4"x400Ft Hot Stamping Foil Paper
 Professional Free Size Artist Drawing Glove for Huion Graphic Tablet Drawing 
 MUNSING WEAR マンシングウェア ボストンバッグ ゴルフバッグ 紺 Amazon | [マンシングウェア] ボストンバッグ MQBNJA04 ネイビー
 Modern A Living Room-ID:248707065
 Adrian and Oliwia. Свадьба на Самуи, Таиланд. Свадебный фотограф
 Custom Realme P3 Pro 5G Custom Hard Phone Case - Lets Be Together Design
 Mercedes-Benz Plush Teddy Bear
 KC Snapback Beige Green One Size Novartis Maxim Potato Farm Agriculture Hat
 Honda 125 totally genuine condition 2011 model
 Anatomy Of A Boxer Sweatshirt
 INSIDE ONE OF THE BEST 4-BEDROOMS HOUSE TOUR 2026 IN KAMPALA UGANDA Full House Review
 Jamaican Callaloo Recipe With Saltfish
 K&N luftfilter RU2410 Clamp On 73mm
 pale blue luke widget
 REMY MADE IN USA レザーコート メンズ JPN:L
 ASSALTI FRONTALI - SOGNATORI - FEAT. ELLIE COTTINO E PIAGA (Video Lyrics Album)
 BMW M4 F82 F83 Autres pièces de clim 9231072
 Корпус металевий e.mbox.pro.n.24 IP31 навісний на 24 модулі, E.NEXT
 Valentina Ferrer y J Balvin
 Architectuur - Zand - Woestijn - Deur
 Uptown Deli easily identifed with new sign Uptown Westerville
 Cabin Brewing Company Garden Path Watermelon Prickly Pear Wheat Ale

[Work order]
Filter the records above and return every line that holds the word "Size".

[Answer box]
 Professional Free Size Artist Drawing Glove for Huion Graphic Tablet Drawing 
 KC Snapback Beige Green One Size Novartis Maxim Potato Farm Agriculture Hat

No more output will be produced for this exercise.